▶ **To do**
Only the lines from the one with "Modul Dryer super" to the end of the data below should be given again, exactly, with both ends included and pictures omitted.
▼▼▼
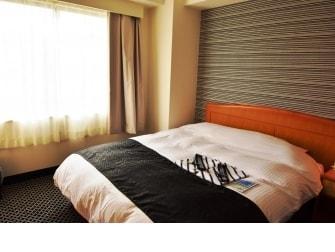 アパホテル〈水戸駅前〉 アパホテル〈水戸駅前〉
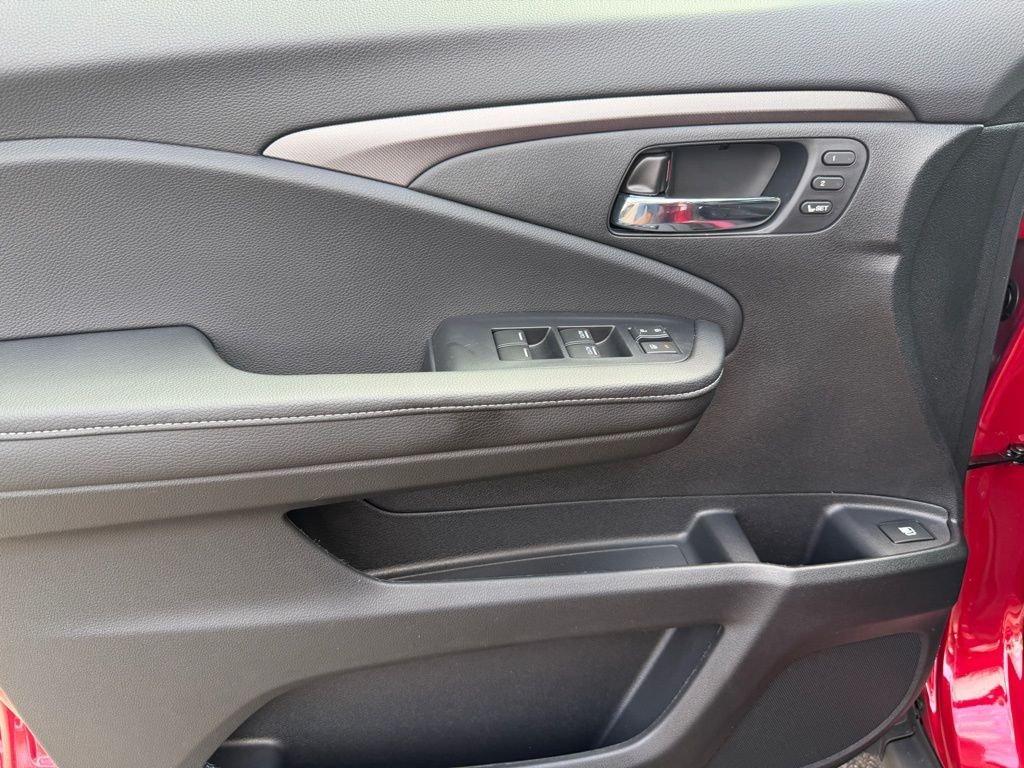 Honda Ridgeline Rtl - Thumbnail 12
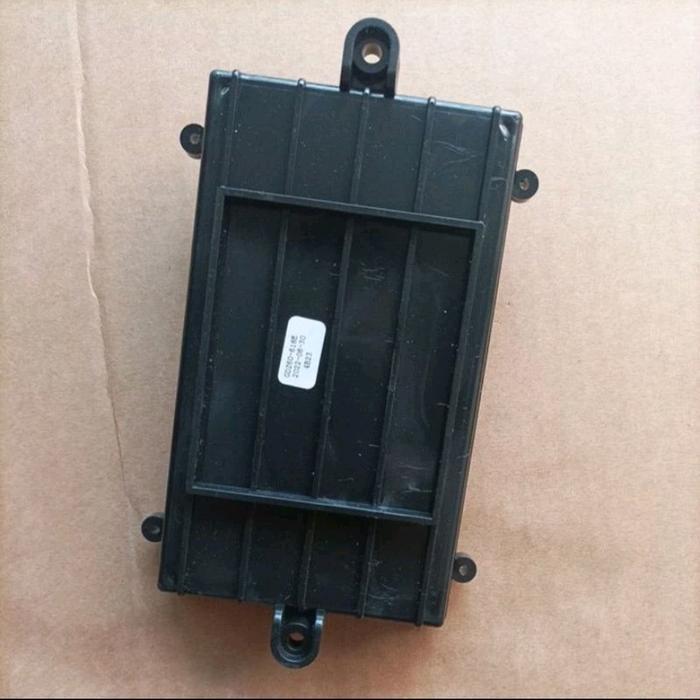 Modul Dryer super speed asiatec Foggia Gaston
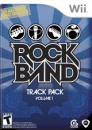 Rock Band Song Pack 1 for Wii Walkthrough, FAQs and Guide on Gamewise.co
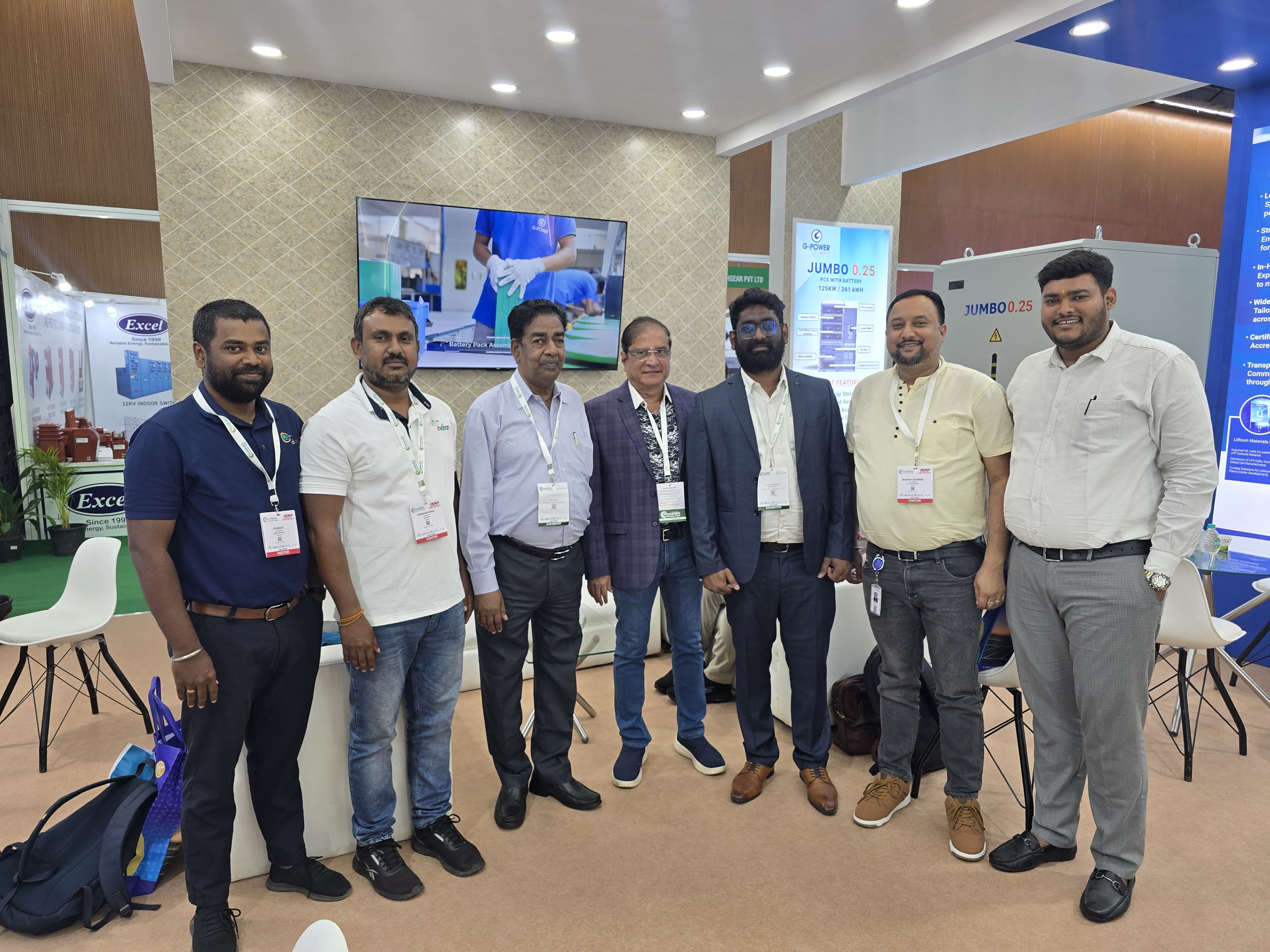 Renewable Energy Expo 2026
▲▲▲
▶ **Answer below**
 Modul Dryer super speed asiatec Foggia Gaston
 Rock Band Song Pack 1 for Wii Walkthrough, FAQs and Guide on Gamewise.co
 Renewable Energy Expo 2026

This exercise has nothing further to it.